■ INSTRUCTIONS FOR THE TASK: Please return each of the entries below exactly as they appear.

■ RECORDS SHOWN:
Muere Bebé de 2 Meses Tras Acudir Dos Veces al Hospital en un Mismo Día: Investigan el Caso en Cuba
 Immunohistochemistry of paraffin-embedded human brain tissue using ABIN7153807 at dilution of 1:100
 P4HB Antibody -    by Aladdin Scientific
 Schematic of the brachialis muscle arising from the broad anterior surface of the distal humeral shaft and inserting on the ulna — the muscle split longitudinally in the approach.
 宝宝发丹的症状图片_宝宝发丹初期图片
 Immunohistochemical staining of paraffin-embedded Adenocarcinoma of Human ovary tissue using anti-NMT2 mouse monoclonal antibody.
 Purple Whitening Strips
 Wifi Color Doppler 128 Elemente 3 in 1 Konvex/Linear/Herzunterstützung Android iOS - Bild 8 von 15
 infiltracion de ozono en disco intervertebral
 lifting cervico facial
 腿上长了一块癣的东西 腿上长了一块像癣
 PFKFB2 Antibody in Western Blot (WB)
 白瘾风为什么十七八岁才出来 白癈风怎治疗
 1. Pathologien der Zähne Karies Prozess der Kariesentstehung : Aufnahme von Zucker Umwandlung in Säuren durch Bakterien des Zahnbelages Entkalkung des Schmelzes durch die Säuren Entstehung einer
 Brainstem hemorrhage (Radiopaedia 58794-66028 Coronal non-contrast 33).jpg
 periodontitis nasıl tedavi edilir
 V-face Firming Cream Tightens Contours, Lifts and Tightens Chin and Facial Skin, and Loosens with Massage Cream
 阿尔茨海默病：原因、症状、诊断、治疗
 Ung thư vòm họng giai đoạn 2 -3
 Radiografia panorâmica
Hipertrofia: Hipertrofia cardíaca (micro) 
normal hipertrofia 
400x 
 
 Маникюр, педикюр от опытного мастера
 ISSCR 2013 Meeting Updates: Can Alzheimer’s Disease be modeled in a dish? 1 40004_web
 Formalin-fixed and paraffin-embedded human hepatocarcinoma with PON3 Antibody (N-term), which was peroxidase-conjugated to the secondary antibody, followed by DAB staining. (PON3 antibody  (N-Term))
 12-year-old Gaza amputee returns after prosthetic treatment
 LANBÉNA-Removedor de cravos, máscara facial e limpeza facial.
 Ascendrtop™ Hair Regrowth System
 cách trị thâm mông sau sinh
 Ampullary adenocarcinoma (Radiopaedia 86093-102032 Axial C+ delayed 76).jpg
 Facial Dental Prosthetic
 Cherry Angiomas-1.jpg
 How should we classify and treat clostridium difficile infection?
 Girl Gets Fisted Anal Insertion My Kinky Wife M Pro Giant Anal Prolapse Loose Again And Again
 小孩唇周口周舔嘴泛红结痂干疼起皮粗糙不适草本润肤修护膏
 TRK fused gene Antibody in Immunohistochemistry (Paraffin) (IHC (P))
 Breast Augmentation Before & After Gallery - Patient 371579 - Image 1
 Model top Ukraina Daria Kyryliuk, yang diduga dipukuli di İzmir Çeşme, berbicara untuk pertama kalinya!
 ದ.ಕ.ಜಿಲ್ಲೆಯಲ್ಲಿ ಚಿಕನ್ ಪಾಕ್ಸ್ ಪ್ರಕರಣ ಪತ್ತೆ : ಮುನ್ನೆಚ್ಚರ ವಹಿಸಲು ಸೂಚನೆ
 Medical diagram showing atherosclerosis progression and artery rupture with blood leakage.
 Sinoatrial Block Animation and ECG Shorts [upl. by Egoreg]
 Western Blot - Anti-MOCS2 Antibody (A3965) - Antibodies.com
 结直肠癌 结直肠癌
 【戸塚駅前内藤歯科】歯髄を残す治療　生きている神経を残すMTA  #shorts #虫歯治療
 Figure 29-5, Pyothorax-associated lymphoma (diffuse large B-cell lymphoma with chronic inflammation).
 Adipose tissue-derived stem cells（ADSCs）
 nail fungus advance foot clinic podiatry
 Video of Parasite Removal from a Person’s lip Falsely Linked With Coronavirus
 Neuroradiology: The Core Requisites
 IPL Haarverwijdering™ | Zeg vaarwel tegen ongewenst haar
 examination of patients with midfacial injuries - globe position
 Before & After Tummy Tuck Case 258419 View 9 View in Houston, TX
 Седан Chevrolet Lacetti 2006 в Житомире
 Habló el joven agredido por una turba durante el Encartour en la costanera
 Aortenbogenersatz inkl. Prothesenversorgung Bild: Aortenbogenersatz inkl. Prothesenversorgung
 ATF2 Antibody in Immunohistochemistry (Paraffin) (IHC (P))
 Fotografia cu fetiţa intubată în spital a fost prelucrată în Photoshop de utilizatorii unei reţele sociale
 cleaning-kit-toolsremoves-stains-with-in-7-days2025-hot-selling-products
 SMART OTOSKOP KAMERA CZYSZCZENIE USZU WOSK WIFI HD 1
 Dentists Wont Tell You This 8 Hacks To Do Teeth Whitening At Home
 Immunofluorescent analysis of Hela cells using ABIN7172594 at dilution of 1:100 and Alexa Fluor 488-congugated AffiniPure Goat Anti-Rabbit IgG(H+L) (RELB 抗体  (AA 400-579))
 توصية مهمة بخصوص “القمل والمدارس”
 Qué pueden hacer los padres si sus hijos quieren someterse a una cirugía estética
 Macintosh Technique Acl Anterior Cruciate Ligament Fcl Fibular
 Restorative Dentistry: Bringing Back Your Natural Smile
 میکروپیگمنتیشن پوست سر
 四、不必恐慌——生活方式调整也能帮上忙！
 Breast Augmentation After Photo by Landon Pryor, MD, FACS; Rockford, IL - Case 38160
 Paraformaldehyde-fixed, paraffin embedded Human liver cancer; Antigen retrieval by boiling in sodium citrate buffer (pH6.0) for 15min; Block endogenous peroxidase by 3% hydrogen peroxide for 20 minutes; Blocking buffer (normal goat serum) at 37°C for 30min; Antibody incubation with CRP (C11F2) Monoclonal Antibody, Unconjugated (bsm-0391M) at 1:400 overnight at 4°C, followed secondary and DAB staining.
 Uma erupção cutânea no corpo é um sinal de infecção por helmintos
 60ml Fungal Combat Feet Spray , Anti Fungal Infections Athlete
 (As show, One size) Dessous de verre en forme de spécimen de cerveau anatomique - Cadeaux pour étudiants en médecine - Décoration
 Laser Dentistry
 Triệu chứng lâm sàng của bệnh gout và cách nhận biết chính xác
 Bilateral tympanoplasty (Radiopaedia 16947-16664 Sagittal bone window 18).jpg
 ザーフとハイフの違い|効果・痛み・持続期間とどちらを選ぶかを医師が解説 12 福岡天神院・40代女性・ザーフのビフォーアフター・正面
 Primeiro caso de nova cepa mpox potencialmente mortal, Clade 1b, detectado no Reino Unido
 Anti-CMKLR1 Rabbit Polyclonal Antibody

■ EXERCISE OUTPUT:
Muere Bebé de 2 Meses Tras Acudir Dos Veces al Hospital en un Mismo Día: Investigan el Caso en Cuba
 Immunohistochemistry of paraffin-embedded human brain tissue using ABIN7153807 at dilution of 1:100
 P4HB Antibody -    by Aladdin Scientific
 Schematic of the brachialis muscle arising from the broad anterior surface of the distal humeral shaft and inserting on the ulna — the muscle split longitudinally in the approach.
 宝宝发丹的症状图片_宝宝发丹初期图片
 Immunohistochemical staining of paraffin-embedded Adenocarcinoma of Human ovary tissue using anti-NMT2 mouse monoclonal antibody.
 Purple Whitening Strips
 Wifi Color Doppler 128 Elemente 3 in 1 Konvex/Linear/Herzunterstützung Android iOS - Bild 8 von 15
 infiltracion de ozono en disco intervertebral
 lifting cervico facial
 腿上长了一块癣的东西 腿上长了一块像癣
 PFKFB2 Antibody in Western Blot (WB)
 白瘾风为什么十七八岁才出来 白癈风怎治疗
 1. Pathologien der Zähne Karies Prozess der Kariesentstehung : Aufnahme von Zucker Umwandlung in Säuren durch Bakterien des Zahnbelages Entkalkung des Schmelzes durch die Säuren Entstehung einer
 Brainstem hemorrhage (Radiopaedia 58794-66028 Coronal non-contrast 33).jpg
 periodontitis nasıl tedavi edilir
 V-face Firming Cream Tightens Contours, Lifts and Tightens Chin and Facial Skin, and Loosens with Massage Cream
 阿尔茨海默病：原因、症状、诊断、治疗
 Ung thư vòm họng giai đoạn 2 -3
 Radiografia panorâmica
Hipertrofia: Hipertrofia cardíaca (micro) 
normal hipertrofia 
400x 
 
 Маникюр, педикюр от опытного мастера
 ISSCR 2013 Meeting Updates: Can Alzheimer’s Disease be modeled in a dish? 1 40004_web
 Formalin-fixed and paraffin-embedded human hepatocarcinoma with PON3 Antibody (N-term), which was peroxidase-conjugated to the secondary antibody, followed by DAB staining. (PON3 antibody  (N-Term))
 12-year-old Gaza amputee returns after prosthetic treatment
 LANBÉNA-Removedor de cravos, máscara facial e limpeza facial.
 Ascendrtop™ Hair Regrowth System
 cách trị thâm mông sau sinh
 Ampullary adenocarcinoma (Radiopaedia 86093-102032 Axial C+ delayed 76).jpg
 Facial Dental Prosthetic
 Cherry Angiomas-1.jpg
 How should we classify and treat clostridium difficile infection?
 Girl Gets Fisted Anal Insertion My Kinky Wife M Pro Giant Anal Prolapse Loose Again And Again
 小孩唇周口周舔嘴泛红结痂干疼起皮粗糙不适草本润肤修护膏
 TRK fused gene Antibody in Immunohistochemistry (Paraffin) (IHC (P))
 Breast Augmentation Before & After Gallery - Patient 371579 - Image 1
 Model top Ukraina Daria Kyryliuk, yang diduga dipukuli di İzmir Çeşme, berbicara untuk pertama kalinya!
 ದ.ಕ.ಜಿಲ್ಲೆಯಲ್ಲಿ ಚಿಕನ್ ಪಾಕ್ಸ್ ಪ್ರಕರಣ ಪತ್ತೆ : ಮುನ್ನೆಚ್ಚರ ವಹಿಸಲು ಸೂಚನೆ
 Medical diagram showing atherosclerosis progression and artery rupture with blood leakage.
 Sinoatrial Block Animation and ECG Shorts [upl. by Egoreg]
 Western Blot - Anti-MOCS2 Antibody (A3965) - Antibodies.com
 结直肠癌 结直肠癌
 【戸塚駅前内藤歯科】歯髄を残す治療　生きている神経を残すMTA  #shorts #虫歯治療
 Figure 29-5, Pyothorax-associated lymphoma (diffuse large B-cell lymphoma with chronic inflammation).
 Adipose tissue-derived stem cells（ADSCs）
 nail fungus advance foot clinic podiatry
 Video of Parasite Removal from a Person’s lip Falsely Linked With Coronavirus
 Neuroradiology: The Core Requisites
 IPL Haarverwijdering™ | Zeg vaarwel tegen ongewenst haar
 examination of patients with midfacial injuries - globe position
 Before & After Tummy Tuck Case 258419 View 9 View in Houston, TX
 Седан Chevrolet Lacetti 2006 в Житомире
 Habló el joven agredido por una turba durante el Encartour en la costanera
 Aortenbogenersatz inkl. Prothesenversorgung Bild: Aortenbogenersatz inkl. Prothesenversorgung
 ATF2 Antibody in Immunohistochemistry (Paraffin) (IHC (P))
 Fotografia cu fetiţa intubată în spital a fost prelucrată în Photoshop de utilizatorii unei reţele sociale
 cleaning-kit-toolsremoves-stains-with-in-7-days2025-hot-selling-products
 SMART OTOSKOP KAMERA CZYSZCZENIE USZU WOSK WIFI HD 1
 Dentists Wont Tell You This 8 Hacks To Do Teeth Whitening At Home
 Immunofluorescent analysis of Hela cells using ABIN7172594 at dilution of 1:100 and Alexa Fluor 488-congugated AffiniPure Goat Anti-Rabbit IgG(H+L) (RELB 抗体  (AA 400-579))
 توصية مهمة بخصوص “القمل والمدارس”
 Qué pueden hacer los padres si sus hijos quieren someterse a una cirugía estética
 Macintosh Technique Acl Anterior Cruciate Ligament Fcl Fibular
 Restorative Dentistry: Bringing Back Your Natural Smile
 میکروپیگمنتیشن پوست سر
 四、不必恐慌——生活方式调整也能帮上忙！
 Breast Augmentation After Photo by Landon Pryor, MD, FACS; Rockford, IL - Case 38160
 Paraformaldehyde-fixed, paraffin embedded Human liver cancer; Antigen retrieval by boiling in sodium citrate buffer (pH6.0) for 15min; Block endogenous peroxidase by 3% hydrogen peroxide for 20 minutes; Blocking buffer (normal goat serum) at 37°C for 30min; Antibody incubation with CRP (C11F2) Monoclonal Antibody, Unconjugated (bsm-0391M) at 1:400 overnight at 4°C, followed secondary and DAB staining.
 Uma erupção cutânea no corpo é um sinal de infecção por helmintos
 60ml Fungal Combat Feet Spray , Anti Fungal Infections Athlete
 (As show, One size) Dessous de verre en forme de spécimen de cerveau anatomique - Cadeaux pour étudiants en médecine - Décoration
 Laser Dentistry
 Triệu chứng lâm sàng của bệnh gout và cách nhận biết chính xác
 Bilateral tympanoplasty (Radiopaedia 16947-16664 Sagittal bone window 18).jpg
 ザーフとハイフの違い|効果・痛み・持続期間とどちらを選ぶかを医師が解説 12 福岡天神院・40代女性・ザーフのビフォーアフター・正面
 Primeiro caso de nova cepa mpox potencialmente mortal, Clade 1b, detectado no Reino Unido
 Anti-CMKLR1 Rabbit Polyclonal Antibody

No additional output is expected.